Pretty perfect. I can’t help but wonder how it is that two people, abandoned on a deserted island at a very young age, grow into perfect specimens? Literally, Brooke Shields was still a model at this time, but she seems as if she came from off the runway, stripped her clothes off and went to work. Christopher Atkins is a little better, but he also seems like he should be on magazine covers. That is not to mention how clean they are. For a couple of people living off nature, they should have long fingernails, messy hair, scratches all over themselves, etc. Instead, they look like they are spending a day at the spa! WTF?!?

Shirt tales. Normally, I wouldn’t complain about a topless girl, but Brooke Shields was 14 or so at the time this film was made, and her younger self is just that, young. Apparently, though, Shields’ character had something against shirts because once she sheds that classy Victorian outfit she was wearing, she almost never had a top on. Had this film been made today, both version of her would have been covered up as much as possible in her younger days and then maybe a bikini top of sorts when she’s older. As a matter of fact, there was a made-for-TV remake that did just that.

Down comfort. I question whether or not this is a true drama. It doesn’t have that heavy depressing feel that most dramas tend to have. However, when we get to the final scene it is a bit out of place, due to its dark nature. The rest of the film has been pretty light and fun, with a couple of exceptions here and there, but this scene brought things back to the real world, if you will. For what purpose? I cannot tell you, other than the director wanted a Romeo & Juliet type of artistic moment.
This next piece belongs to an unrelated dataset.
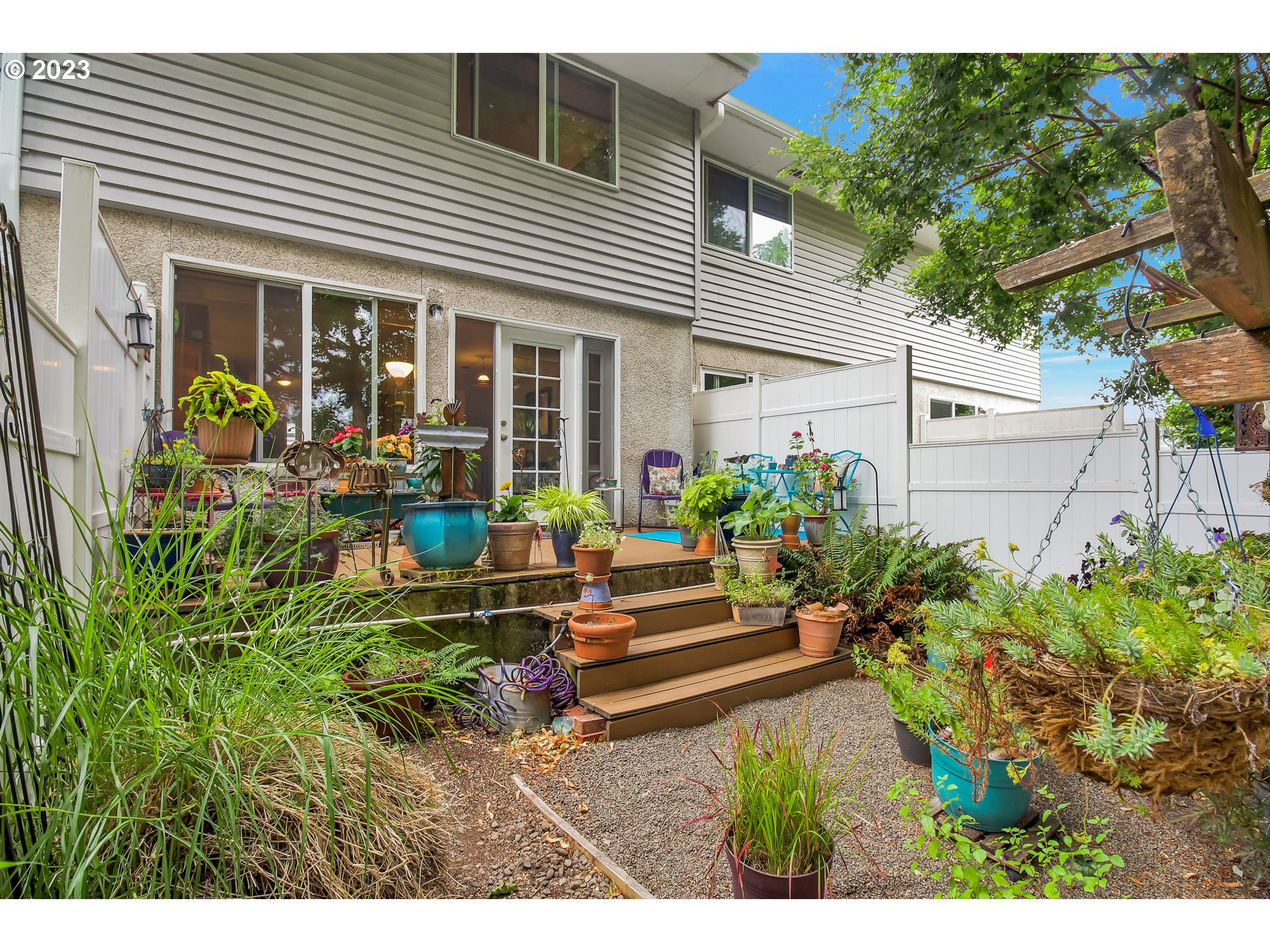 Photo #4: 23250382 Listing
Going into The Blue Lagoon, I expected to be bored out of my mind with some heavy flick, but that turned out to be the case. This was actually a fun film. There are issues, such as the leads and their inability to act. Brooke Shields was criticized for her wooden acting and I can see why. Thank goodness she got better as she got older. Atkins was a little better, but not much. Truth be told, this a film for everyone. If not for the nudity, I believe this could be a family film. I highly recommend it, so give it a shot sometime.